For this new article, I interviewed Magda Arnaboldi, astronomer at the European Southern Observatory (ESO), with a strong passion for stars since early on in her life. We explored with her the challenges behind the scenes of being a woman scientist, the importance of role models and perseverance.

How did you start to look at the stars?

This is a good question. I became aware of the sky, the Moon and the stars rather early in my life, like six to eight years old. The occasion was at an old farmhouse in the mountains that my family owned, about one hour drive from the town where we lived. Despite being not very far, it was an isolated secluded place, and very, very dark at night. Back then, there was no electricity there, and on a dark winter night, with the mountains covered by white snow, the stars in the dark sky were so impressive! A spectacle that could not be ignored. I could also notice that there were some very bright stars that were visible at sunset and no one in my family circle was able to tell me what these lights were. Now I know they were the planets, Venus, Jupiter and Saturn, but back then, I was enchanted and curious.

In the summer time, there was the Milky Way on the top of my head …“La via lattea”… but then, what was it? Why is it so elongated? Why does one see it in the summer and not in the winter? Why do the constellations change during the year? I was fascinated, I had all these questions. I guess answering these questions was a strong motivation to become interested in science – Physics and Astronomy. The “professional” observations of the sky came much later, while doing the Ph.D. I went observing at Asiago and at the La Silla Observatory on the Danish 1.5 meter telescope. I did not have any more doubts that astronomy was what I wanted to work on.
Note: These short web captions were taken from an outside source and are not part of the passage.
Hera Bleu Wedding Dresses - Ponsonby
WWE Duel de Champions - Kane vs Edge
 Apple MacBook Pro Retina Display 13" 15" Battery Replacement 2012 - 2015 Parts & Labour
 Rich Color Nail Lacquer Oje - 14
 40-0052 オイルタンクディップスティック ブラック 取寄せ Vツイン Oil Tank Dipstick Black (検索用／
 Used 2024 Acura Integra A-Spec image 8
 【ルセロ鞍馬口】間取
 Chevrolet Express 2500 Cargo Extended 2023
When you were a student in physics at the University of Pavia, you wrote in an article for your Collegio Nuovo: “In the cultural and university world there has never been a lack of illustrious women, but they were acute loners, behind whom there was no circle of similar scholars. [..] We must ensure that women learn to study together and collaborate with each other “. What would you say now about women in science and their ability to collaborate?

I think the landscape in STEM is certainly improving and we ought not to give up on making it better still. This year we celebrate the Nobel Prize for chemistry of two female scientists who have been working in France and USA and were collaborating – perhaps competing in a positive way – since many years. The two scientists are Dr. Emmanuelle Charpentier and Dr. Jennifer A. Doudna. Another recipient of the Nobel Prize in Physics is my colleague, Dr. Andrea Ghez from the University of California, Los Angeles, USA. It is very interesting to read their interviews: they all communicate the awareness of the importance of such an award, not so much for themselves, but for motivating and inspiring younger talented women. A life in science, in research, can be their life too, and they can excel in it. Let us not forget that role models are very important, and women can aspire to anything they wish to accomplish. Some time ago, I think I read about a man stating that a woman studying physics did not have many chances beyond becoming a teacher somewhere in high schools. The reply to this statement was that a woman with a degree in Physics could aspire to become the Chancellor of the Federal Republic of Germany, hence a person with authority, drive and power (Dr. Angela Merkel has a degree in Physics). It is important to aim high!

Fig. 1 : Magda (left) with Dr Marina Rejkuba (center, Head, User Support Department) and Dr Monika Pert-Götzen (right) in the VLT control room of the Paranal Observatory in Chile during the Science Verification run with the VISTA telescope.

Have you promoted initiatives to engage women in your field of research that is usually considered a male-dominated science?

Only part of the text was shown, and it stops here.